I like this article Mike just posted - Focus on Women's Empowerment in Latin America Maternal Schooling and Health-Related Language and Literacy Skills in Rural Mexico

Here are some extracts that stand out for me. <Bracketed comments> are mine, the rest is quoted from the article. Interesting connections to recent discussions. I find doing this kind of summary helpful for me to absorb this kind of writing, so here goes.

<1. One of the measurements used in this study of rural Mexican women regarding how they responded to health interviews and information was to measure how they defined the meanings of common nouns in a noun definition task.>

Following Snow in her research with schoolchildren, we employed a noun definition task to assess women's decontextualized language skills. Women were asked the meaning of 10 simple nouns such as "knife," "thief," and "dog" with the question, "What is a ?" Their responses are scored on a continuum from highly contextualized to highly decontextualized. A contextualized definition of "thief" would be "One stole my television," while a decontextualized response would refer to abstract properties: "A person who steals from others." A highly contextualized description of "cat" might be to point to a cat in the room, while a decontextualized description would describe it in terms of its superordinate category membership ("a cat is an animal...") and specific properties ("that is domesticated, nocturnal, and has fur and whiskers").
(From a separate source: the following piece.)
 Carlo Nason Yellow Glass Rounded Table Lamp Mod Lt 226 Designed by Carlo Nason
<2. The noun definition task employed in this study is similar to aspects of Luria's study.>

The noun definition is the verbal equivalent of the object classification task that A. R. Luria used when investigating the reasoning strategies of Soviet peasants. Luria found that nonliterates with no schooling were more likely to classify objects according to function rather than superordinate category: a scythe would be grouped with wheat rather than with other tools, for example. Luria proposed that schooling and literacy promote classification systems that are abstracted from everyday life.
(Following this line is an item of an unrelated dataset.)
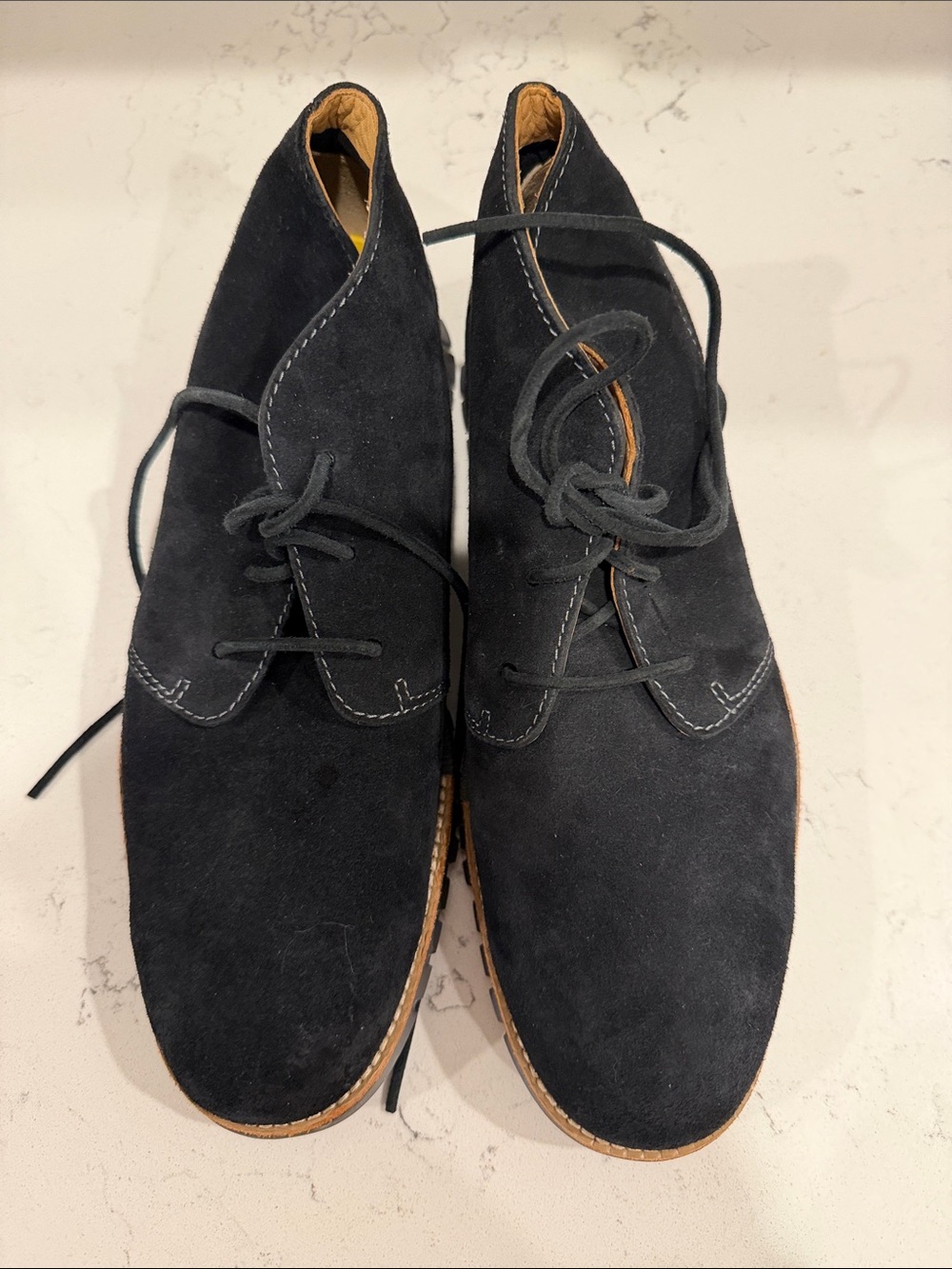 Cole Haan Black Suede Lace-Up Chukka Boots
<3. Socioeconomic status tends to predict the length of answers to questions in a health interview.>

While the noun definition, listening comprehension, and reading comprehension scores were predicted by length of schooling, adult socioeconomic status is the only variable that predicts how much a woman speaks in an interview. Women with more socioeconomic resources, on average, gave longer responses than women with fewer resources, regardless of education level. We have not found evidence, then, that women learned this skill in school. It should be noted, however, that adult socioeconomic status explains only 25 percent of the variance in this measure, showing that at each level of socioeconomic status considerable variation exists in the length of responses.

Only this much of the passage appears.